Less than nine months after adopting regulations restricting the public’s access to arrest reports, the RI Department of Public Safety (DPS) is proposing to hide even more of those records from public view. In preparation for a public hearing scheduled for next Tuesday, the RI ACLU has filed written testimony urging that the proposal be withdrawn.

Under the proposal, any witness statements gathered by the RI State Police would be withheld from the public, even when the statements are part of an initial arrest report. The ACLU called the proposal “yet another attack on transparency” by DPS, arguing that it not only would “improperly expand the Access to Public Record Act’s (APRA) law enforcement exemption,” but would undermine “the statute's requirement that initial arrest reports be public.”

The one-sentence amendment at issue states: "Witness statements taken for incident or arrest reports, though not considered a public record, may be released to the individual from whom the statement was taken, only if no exemptions apply." However, the ACLU's testimony argues that “it is simply incorrect that witness statements are ‘not considered a public record.’  ‟No category of police record -- whether witness statements or any other type of document – is per se exempt from disclosure under APRA‟s law enforcement records exemption.”

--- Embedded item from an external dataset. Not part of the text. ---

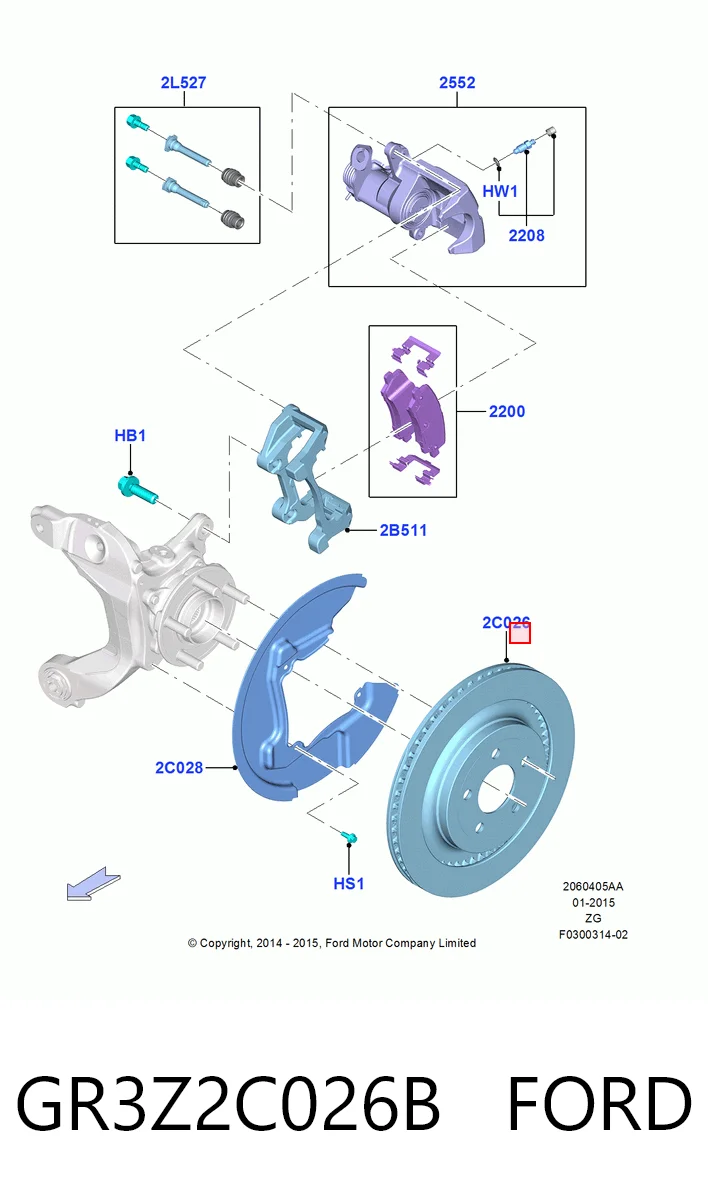 GR3Z2C026B Ford Tarcza hamulcowa tylna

The ACLU called “even more egregious” the proposal’s specific attempt to make secret any witness statements that appear in initial arrest reports, since APRA explicitly provides that “records or reports reflecting the initial arrest of an adult … shall be public.” The DPS proposal, said the ACLU, “would allow the core of some arrest reports to be significantly censored, despite the statute’s explicit reference to arrest reports being public.” As a result, the public will often not know the basis for, and strength of, a State Police decision to arrest a person.

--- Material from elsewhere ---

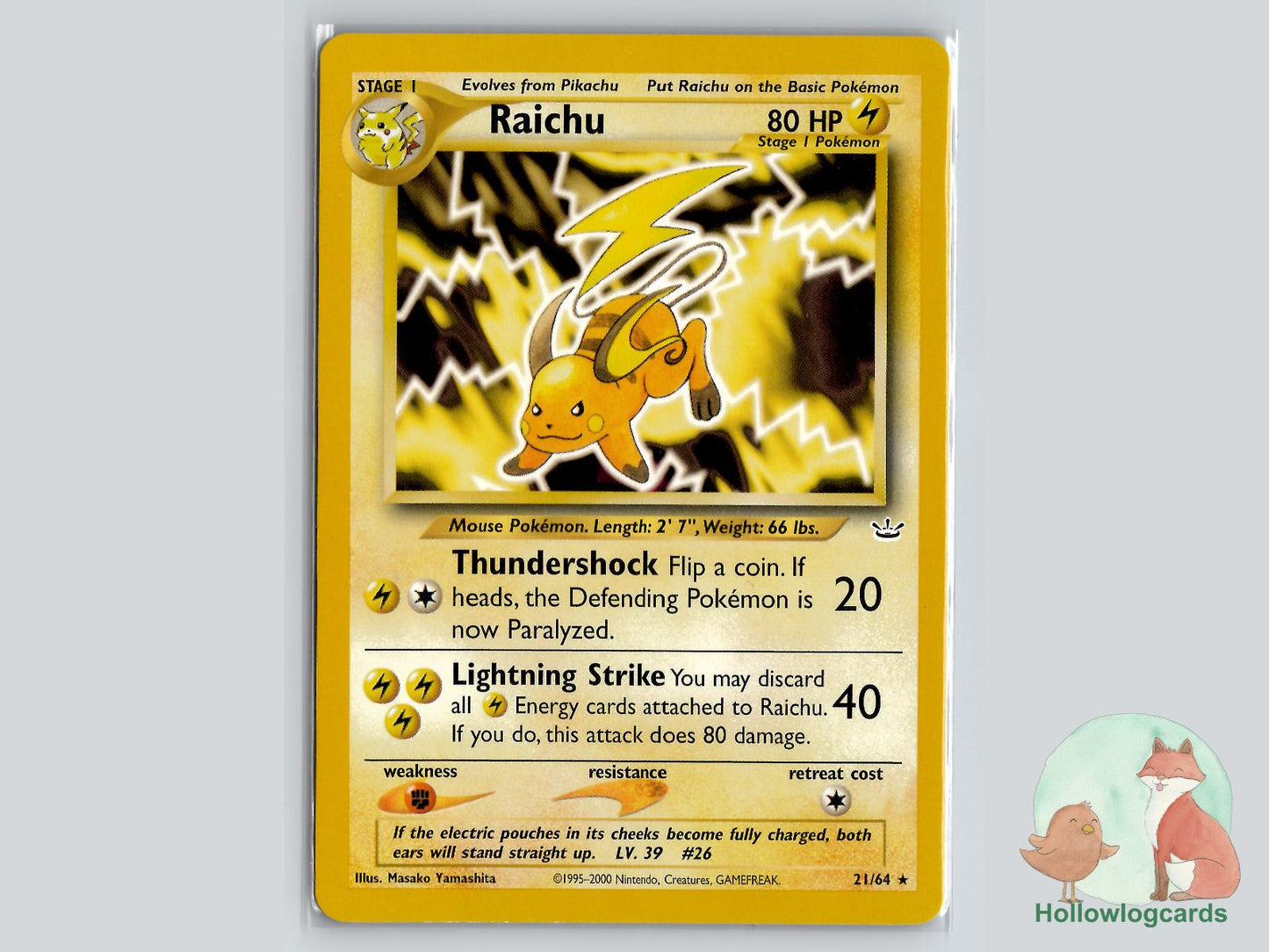Raichu (21/64) - Neo Revelation Pokémon Card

This past January, over the objections of open government groups, DPS adopted rules allowing  it  to  engage  in  a  case-by-case  “balancing  test”  in  deciding  whether  to  release otherwise-public information  under  APRA.  This latest proposal takes those rules one step further by making an entire category of information – witness statements – secret.

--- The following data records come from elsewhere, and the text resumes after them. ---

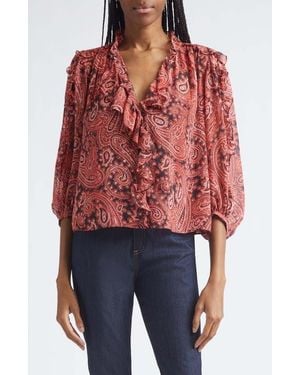 Cinq À Sept Hendrix Paisley Zada Top - Red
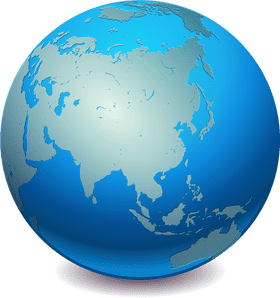 Beautiful Blue Globe of Asia PNG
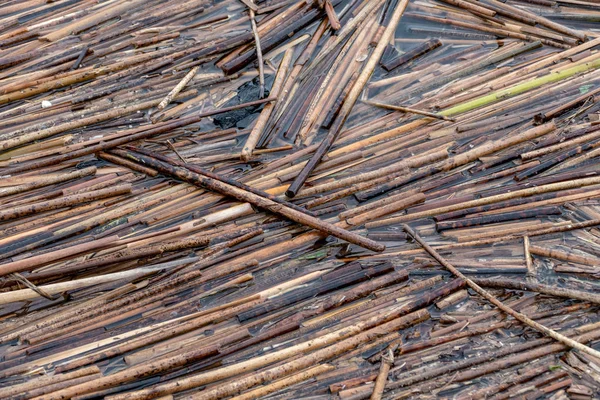 Background Wet Brown Bamboo Sticks — Stock Photo, Image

In recent years, the State Police have been the main opponents of legislation that would strengthen APRA. RI ACLU executive director Steven Brown said today: “Scrutiny of arrest reports is essential in order to make sure that proper procedures are being followed by law enforcement agencies and arrests are taking place in a lawful manner. This latest effort by the State Police to weaken public oversight undercuts a major foundation of the open records law.  We hope the proposal will be withdrawn.”